How to Kill a Laboratory Mouse Humanely

A quote from Karin Knorr Cetina, Epistemic Cultures: How the Sciences Make Knowledge

p. 140. “The technical assistant (TA) … did not know how kill the animals properly – he put them to death by placing them in a -70 degree Celsius freezer. (Mice should be killed “humanely” by placing them on top of the cage and breaking their neck “by applying firm pressure at the base of the skull and sharply pinching and twisting between thumb and forefinger while at the same time pulling backward on the tail”; Hogan et al. 1986: 97.)

Hogan, B., F. Constantini, and E. Lacy. 1986. Manipulating the Mouse Embryo: A Laboratory Manual.

Blind Variation in Molecular Biology

p. 91. “If there is a general strategy molecular biologists adopt in the face of open problem, it is a strategy of blind variation combined with a reliance on natural selection. They vary the procedure that produced the problem, and let something like its fitness – its success in yielding effective results – decide the fate of the experimental reaction. Variation is “blind” in a very precise sense: it is not based on the kind of scientific investigation and understanding of the problem that was so popular among high energy physicists. Confronted with a malfunctioning reaction, a problem of interpretation (as in the case of RNA analysis described above), or a string of methods that do not seem to work, molecular biologists will not embark, as physicists will, on an investigating journey whose sole purpose it is to understand the problem. Instead, they will try several variations in the belief that these will result in workable evidence.”

p. 230. “What does a laboratory leader do in this situation? The fact that many things are not in their control did not lead, in the cases considered, to a feeling of defeat. It led to a conscious strategy of variation and risk-taking: there is no guarantee that any one line of research – or any single researcher – will work satisfactory, but in a competently staffed and run laboratory, some lines to leas somewhere, and some researches bring results. The leader saw the laboratory as a distribution of lines of research, each of which carried varying risks and varying chances of failure and success. To maximize the chances that some lines would work, the leader distributed risks over a variety of topics. Readers will recognize in this policy a similarity to the strategy of “blind” variation and selection by success.”

The Black-Boxed Body of the Scientist

p. 94. “According to historian (Kutschmann 1986), the scientist’s body is no longer a relevant tool in the conduct of research. While the fact that scientists have a body may be granted to be a precondition for doing experiments (Merleau-Ponty 1962), few believe that this body still plays a role as instrument of inquiery (for feminist questions about the body, see Martin 1991, 1992a,b; Schiebinger 1993). Two factors aided in the ‘disembodiment’ of science. Of is the inclusion, into research, of technical instruments that outperformed, and replaced, sensory bodily functions. The other is the derogatory attitude important scientists developed toward the sensory body. For Galileo, Bacon, and other seventeenth-century experimentalists, who promoted the nuova scienzia, it was wrong to believe that our senses were the measure of all things.”
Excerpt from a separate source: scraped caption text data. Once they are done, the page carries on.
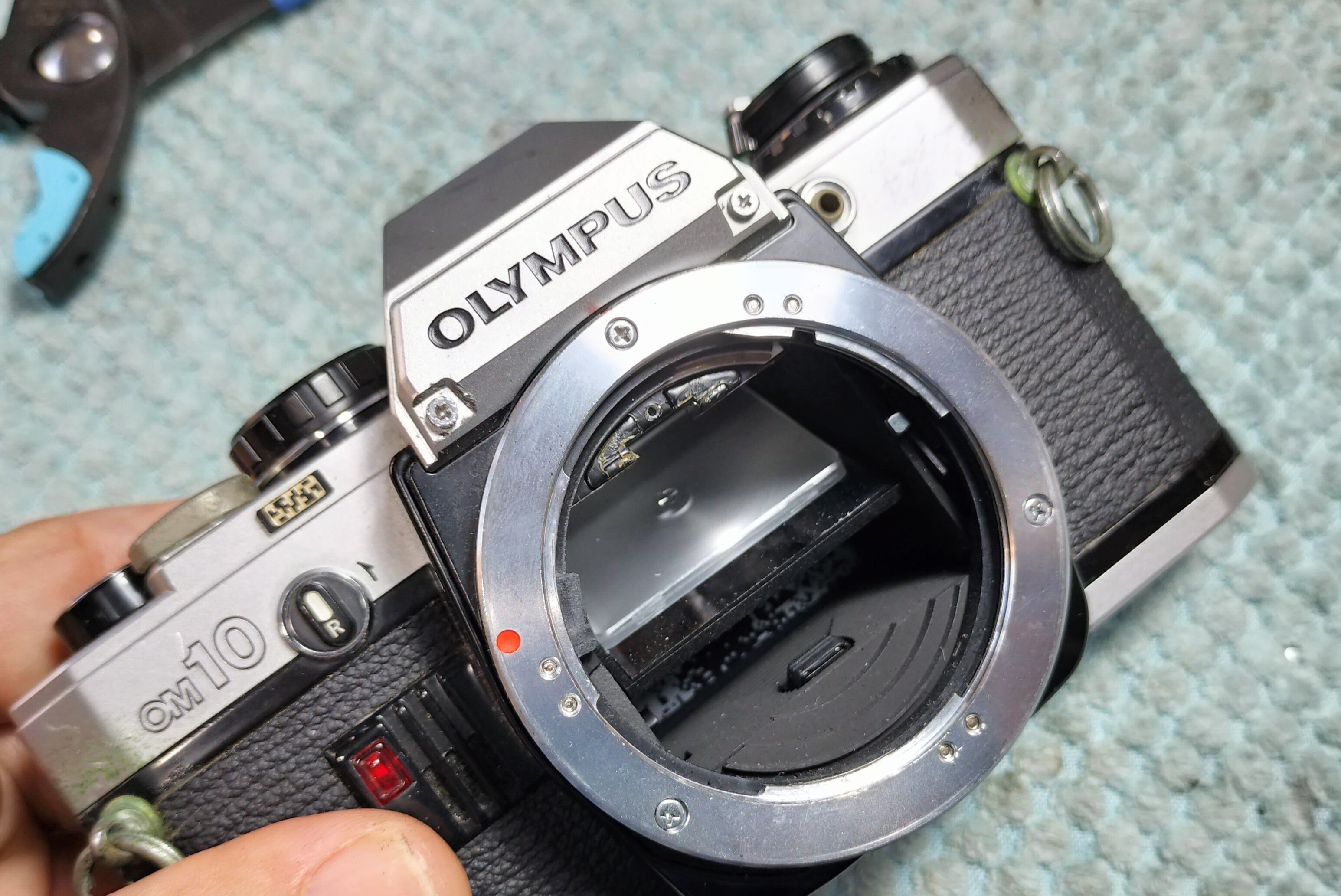 OLYMPUS OM10の分解｜フィルムカメラ修理のアクアカメラ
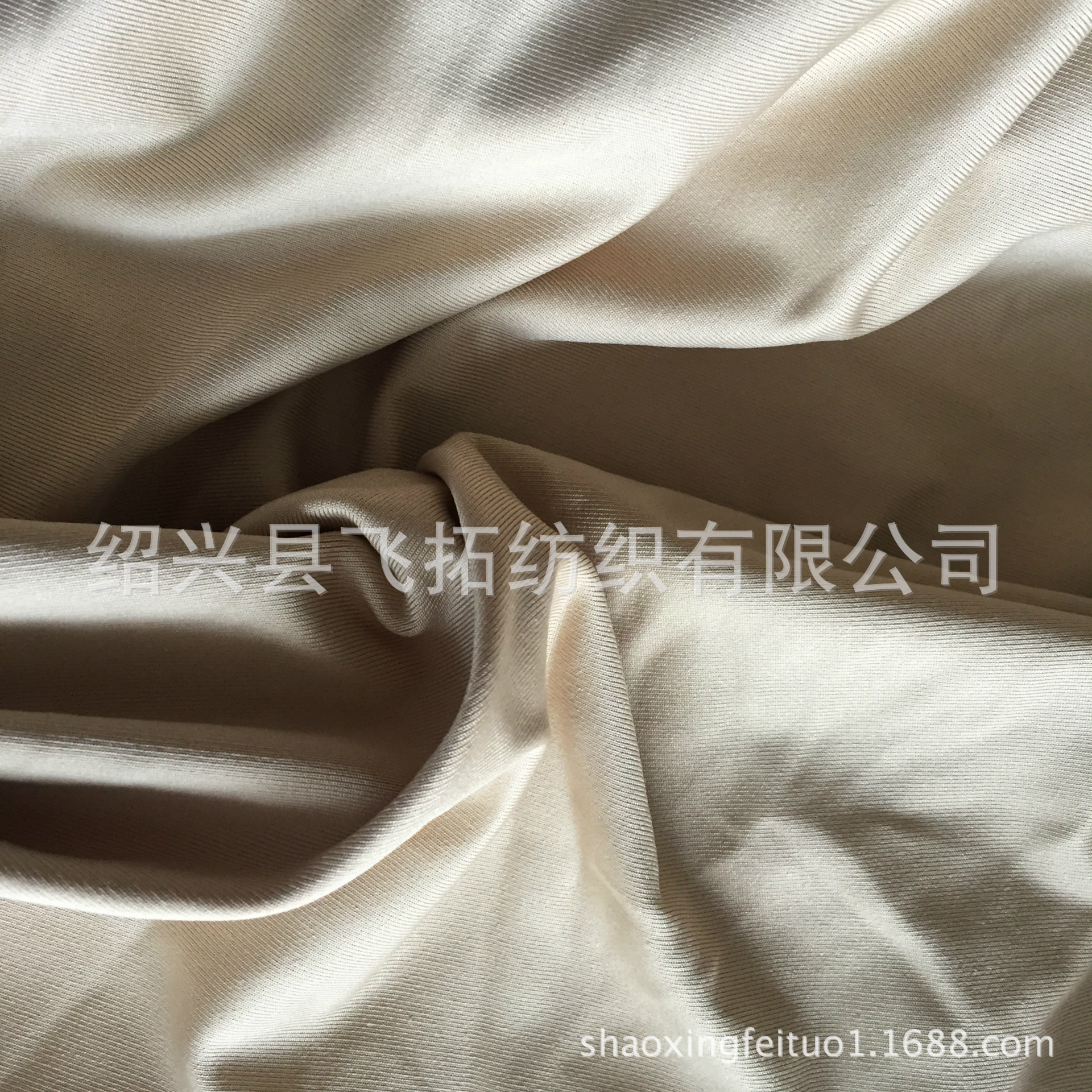 厂家直销针织低弹150D144F+70D氨纶汗布 牛奶丝 手感好弹性佳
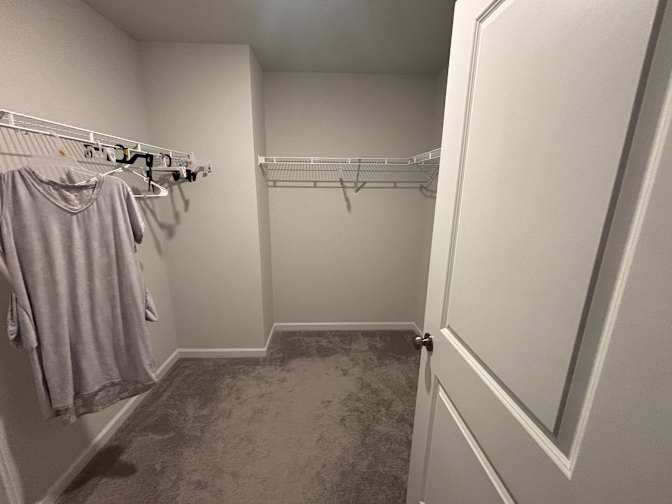 Alcove Rooms's room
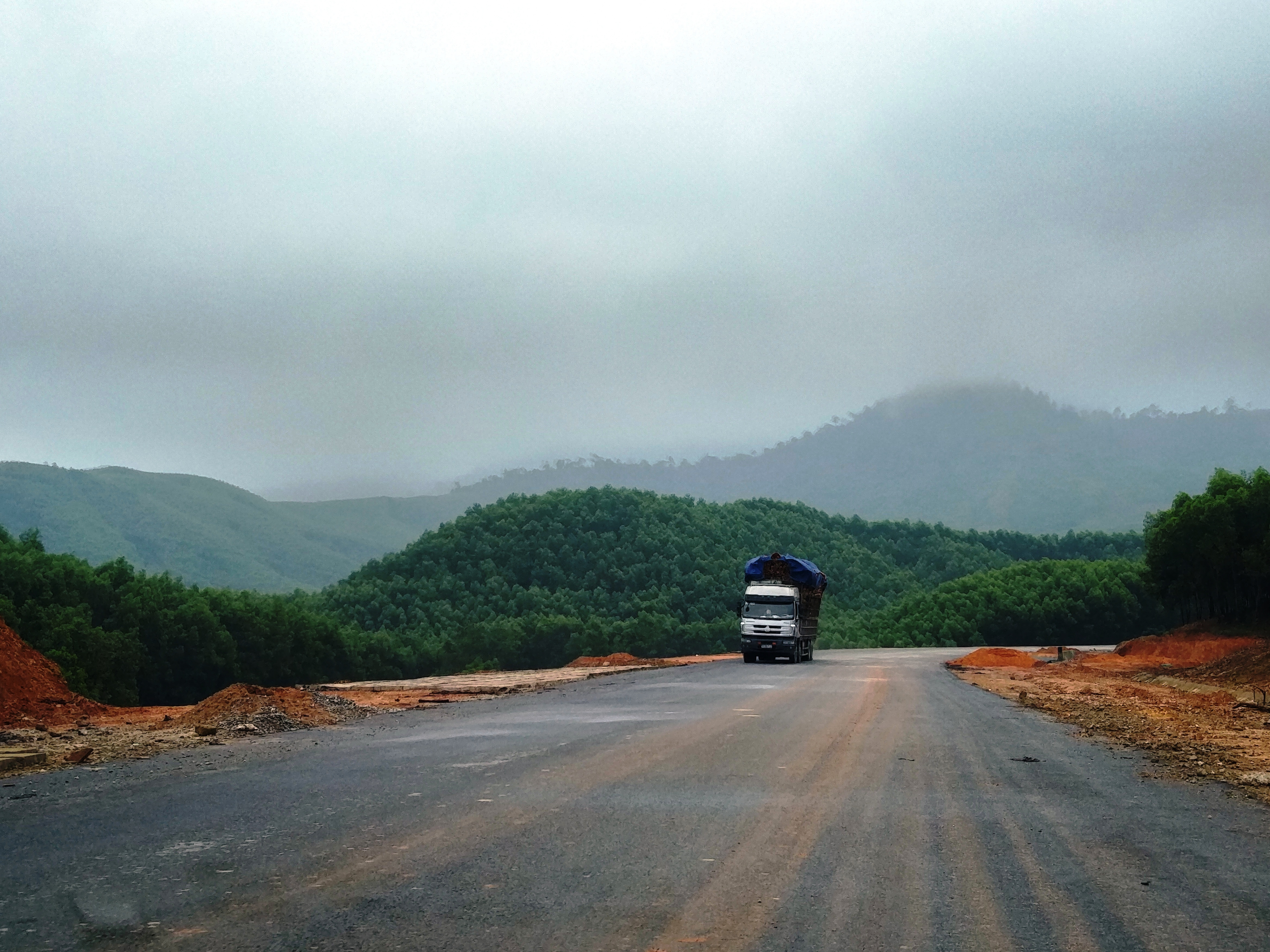 Xử phạt, xe chở quá tải vẫn hoành hành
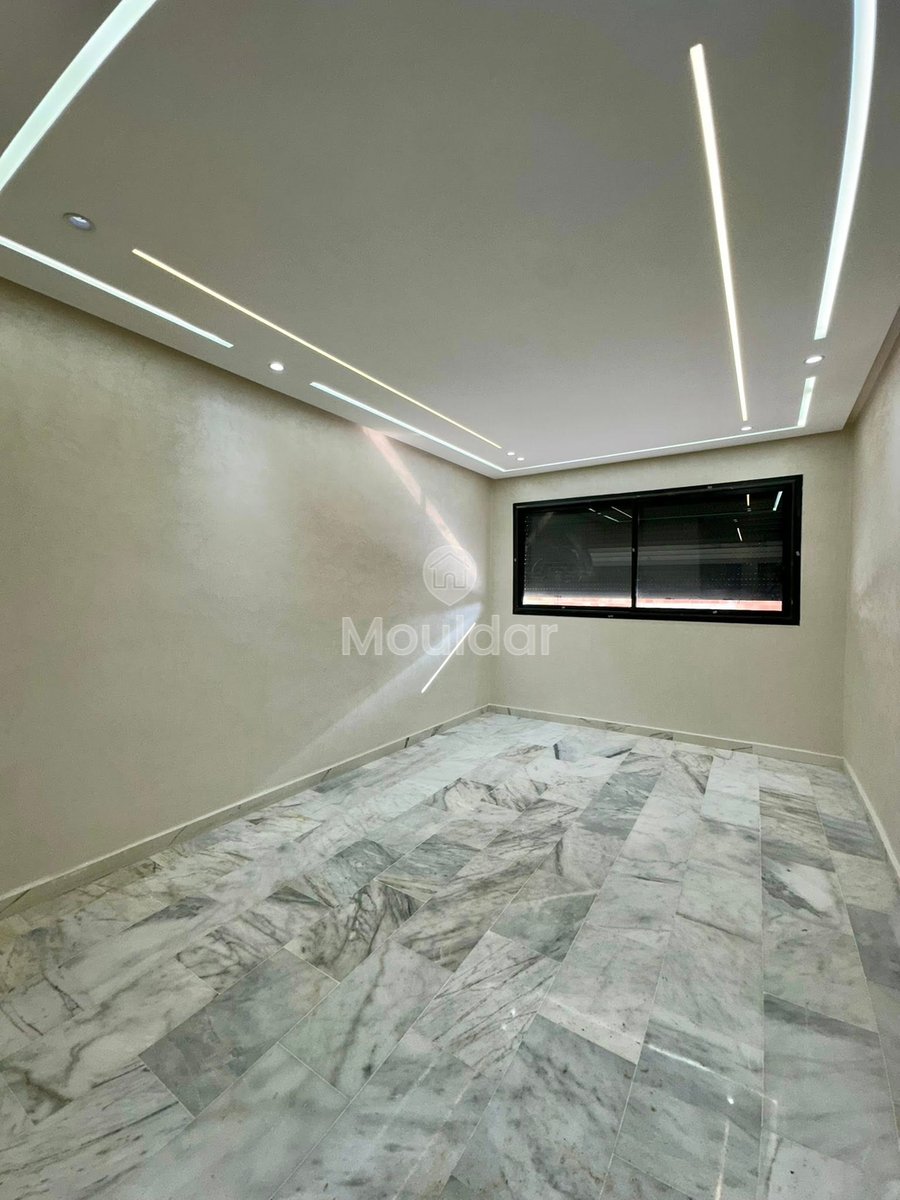 Apartamento en alquiler en Fez, Ruta de Immouzere - Photo 4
Kutschmann, W. 1986. Der Wissenschaftler und sein Körper.

Merleau-Ponty, M. 1962. Phenomenology of Perception.

Martin, E. 1991. “The egg and the sperm: how science has constructed a romance based on stereotypical male-female roles.” Signs: Journal of Women in Culture and Science, 16(3): 485-501.

Martin, E. 1992a. The Woman in the Body: A Cultural Analysys of Reproduction.

Martin, E. 1992b. “The end of the body?” American Ethnologist, 19(1): 121-140.